Gravierender noch war, dass es im gleichen Zeitraum in Pristina keine ordnungsgemässe Enteisung der Flugzeuge gab. Das Spezialfahrzeug war defekt, und im kriegsgebeutelten Kosovo gab es weit und breit keine angemessene Enteisungsflüssigkeit. Auch wenn jeder Pilot weiss, dass Eisbildung an den Tragflächen schnell zu einer tödlichen Bedrohung werden kann, flog die Edelweiss dennoch.

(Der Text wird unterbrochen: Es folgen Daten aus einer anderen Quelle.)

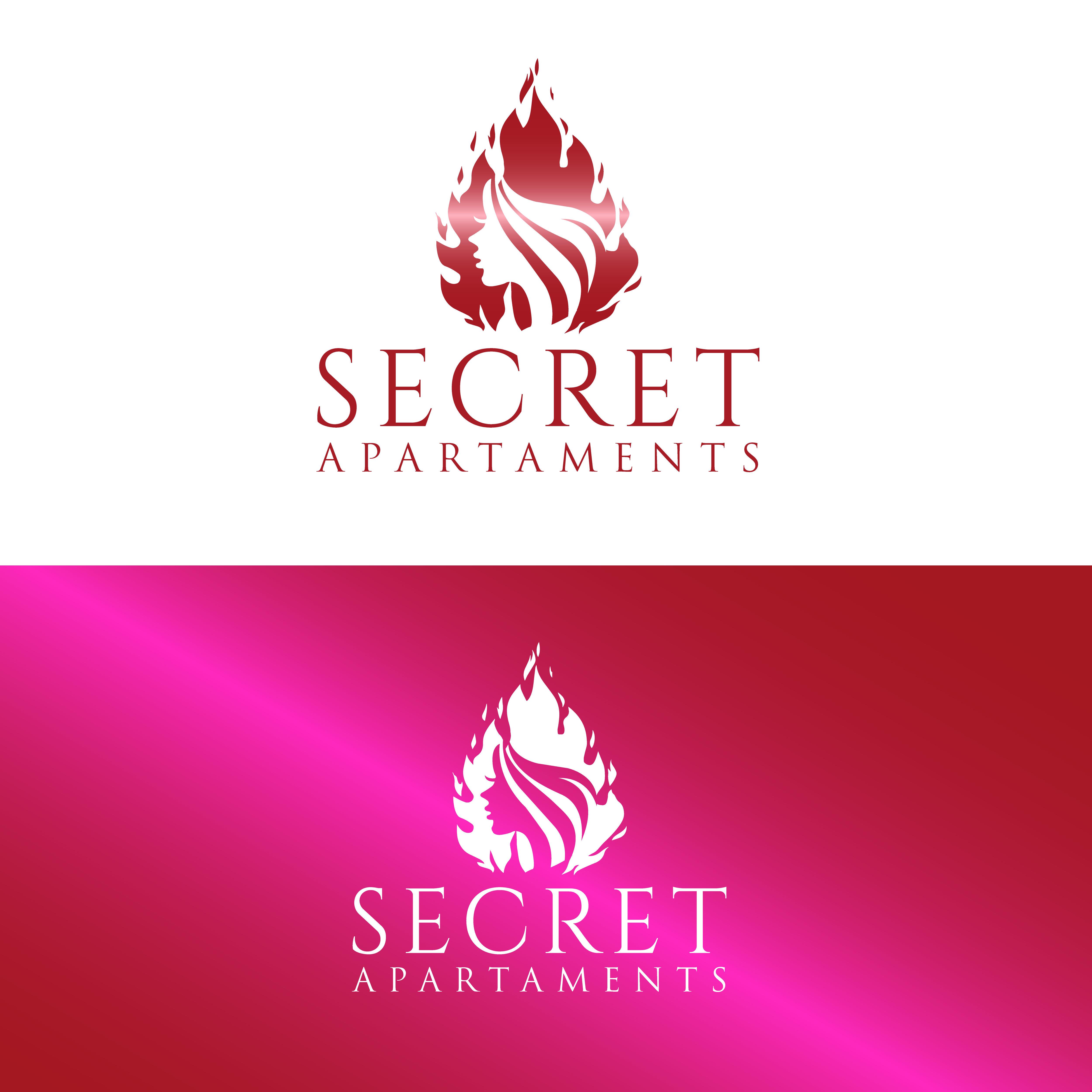 Logo Design by M Art & Design for this project | Design #31501503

Kuoni, das Mutterhaus von Edelweiss, will sich hierzu nicht äussern und verweist in ihrer Stellungnahme darauf, dass Edelweiss die Kosovo-Flüge nicht in ihrem Auftrag und nicht mit ihren Kunden durchgeführt habe.

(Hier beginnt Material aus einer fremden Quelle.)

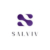 Salviv Coupons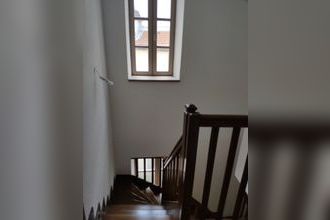 Ma-Cabane - Vente Appartement GRENOBLE, 71 m²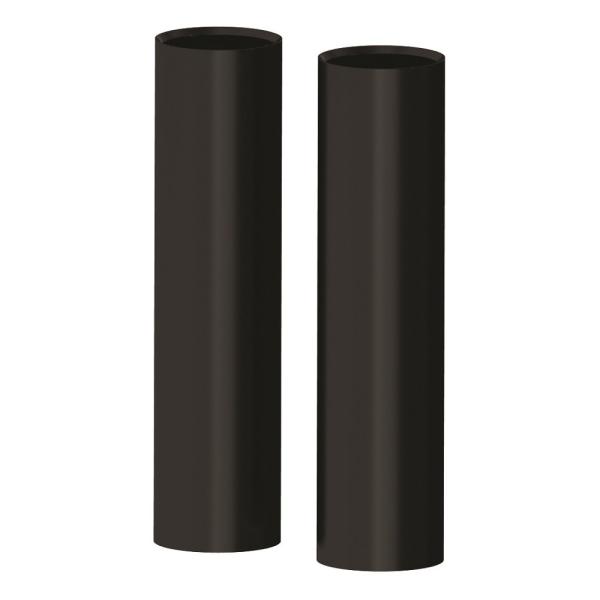 Roland Sands Design ローランドサンズデザイン アッパーフォークカバー 39mm ...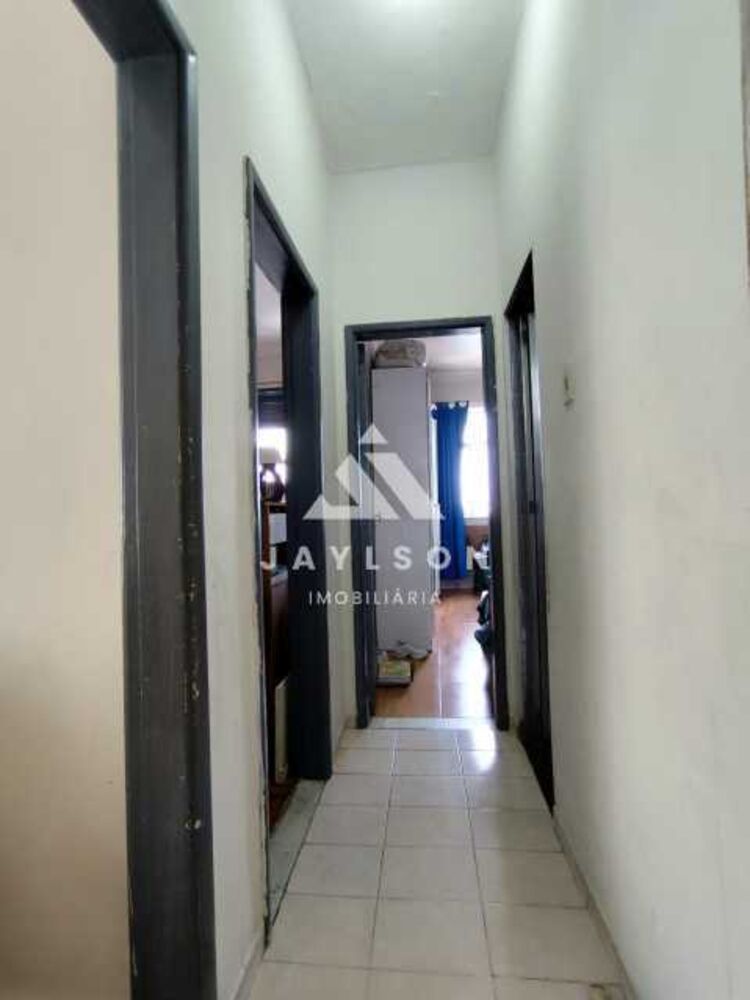 Apartamento, 2 quartos, 61 m² - Foto 16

Beispiel Nummer zwei: Auf einem für Kuoni durchgeführten Flug von den Malediven nach Zürich mit dem Langstreckenflugzeug A 330 am 21. Januar 2001 wurde gemäss der Cockpitanzeige eines von zwei Triebwerken zu heiss. Die Piloten stellten es ab und versuchten eine Fehlerdiagnose via Satelliten-Uplink mit der Swissair Technics, mit der die Edelweiss einen Wartungsvertrag für ihre vier Airbusse hat. Gemäss Aussagen von Karl Kistler gegenüber der BILANZ handelte es sich aber «nur um eine fehlerhafte Anzeige, und es war daher nicht so gravierend». Aus dieser Überzeugung heraus flog der A 330 bereits am nächsten Tag wieder mit Kuoni-Kunden, diesmal in die Karibik. Noch vor der Atlantiküberquerung wurde das Triebwerk gemäss Anzeige zwar abermals zu heiss, doch sowohl Flug wie Rückflug, ebenfalls direkt über den Atlantik, fanden ohne Reparatur der Anzeige statt. Tatsächlich muss sich aber der Pilot im Zweifelsfall auf genau diese Anzeige verlassen – wird das Triebwerk wirklich zu heiss, kann es zu brennen beginnen oder gar explodieren.

Auch das weltweit gültige Reglement ist bei einer solchen Fehleranzeige nicht auf Kistlers Linie: Ein Flug ohne funktionierende Abgastemperaturanzeige ist nach der so genannten Minimum-Equipment-Liste (MEL), einer Auflistung aller Systeme, die bei Abflug einwandfrei funktionieren müssen, nicht gestattet. Die MEL geniesst weltweit Gesetzescharakter.